The wheel rim should not be concave and still smooth to touch. There should be no inappropriate movement in the hubs or grinding sound when the wheels spin, if there is that means the bearings are worn. Check spoke holes on carbon wheels to ensure there are no splits from spoke movement.
Tyres should have good tread left and no splits, otherwise factor a new set into the price. Quality tyres are around £30-50 each. Also check the brake pads for wear.
A badly worn chain may mean that the sprockets are also worn down - a problem which can be expensive to correct. To check this, take hold of the chain at the front of the chainring, and pull.
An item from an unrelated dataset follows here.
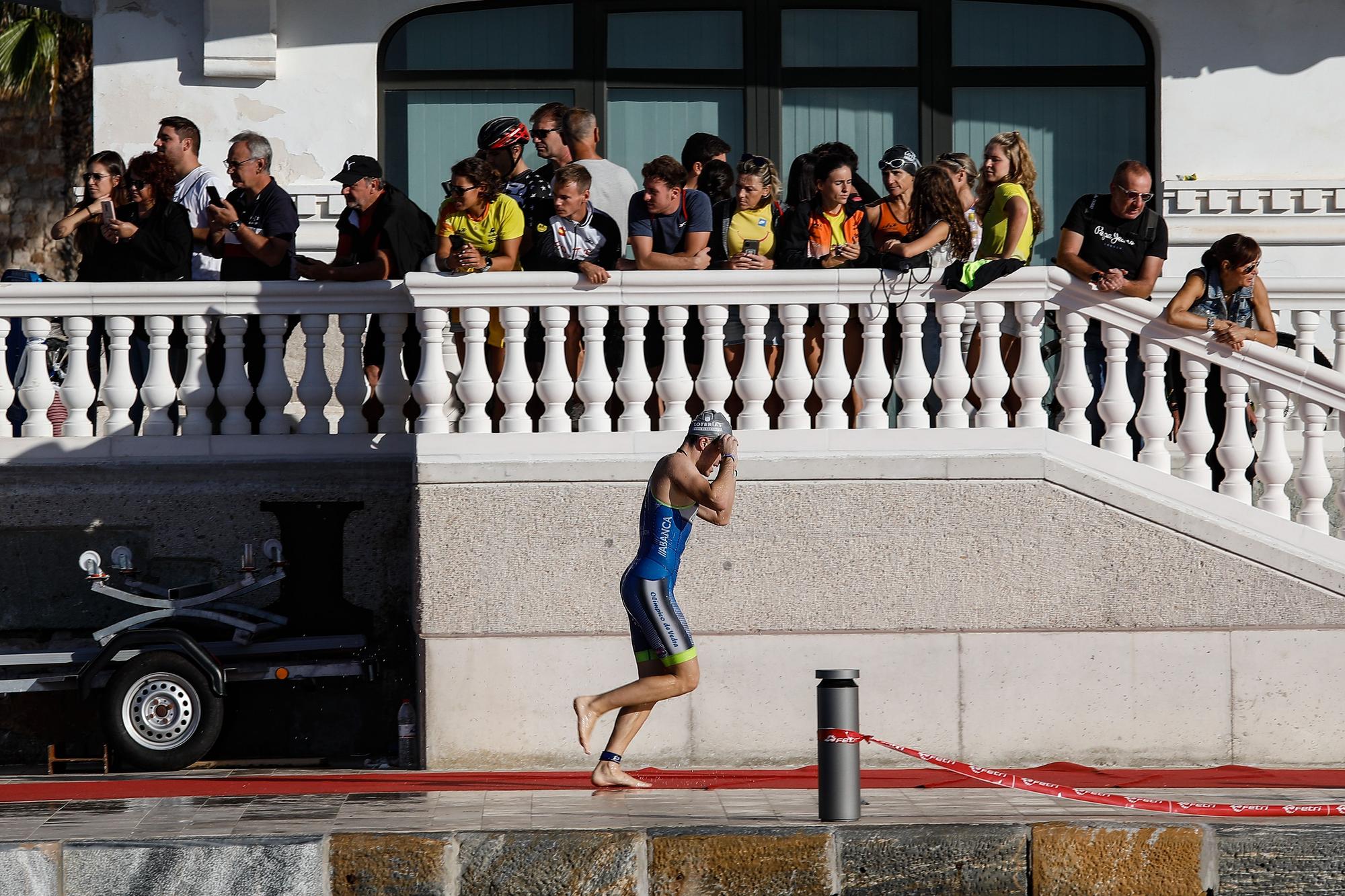 Segunda jornada del Campeonato de España Triatlón Sprinter en Cartagena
If the chain can be pulled almost clear of the teeth, it is a sign of heavy wear, and you may want to reconsider your purchase. For a really accurate gauge of wear, take a chain checker and anything less than 50% should be replaced sometime soon, again factor that into the price you are paying.
Check the chain rings aren't sharp. The teeth of the chain rings will sharpen over time and really sharp pointy teeth means they have been worn too far and the chain rings will need to be replaced.
Other moving parts to check; ensure fork and headset connections are sound i.e. no rusting and that there is no inappropriate movement or wobbling in the headset. Tip here is to pull the front brake and try and move the wheel around - it shouldn't rock.
Check the bottom bracket and crankset don't have any inappropriate movement by grabbing both crank arms and feeling for movement. Movement could mean bottom bracket issues or worse - carbon wear on the BB shell.
Be careful if you are buying carbon this can be fatal if there are cracks.
You need to carefully inspect every mm of the carbon structure (same if there are carbon bars and seat post). Look for crushed paint from overtightened contact points. Look for hairline cracks in the paint.
In metal frames you should look for dents as the structure will be weakened and that can't be fixed. Anything you are concerned about will need further inspection by a specialist. Carbon can be repaired but it's not cheap, be over cautious.
Taking a bike for a spin is one of the best ways of telling if it is the one for you. This is also a great way to test the gears, steering, brakes, and ride comfort.
Perhaps the most valuable piece of advice when it comes to buying second hand bikes is this: buy from a trusted seller. Genuine sellers will be happy to provide you with a receipt or documentation from when they purchased the bike, and may even offer a warranty if it's a business.
Find a dependable vendor, do some simple checks, and you could just bag yourself a bargain WITH peace of mind.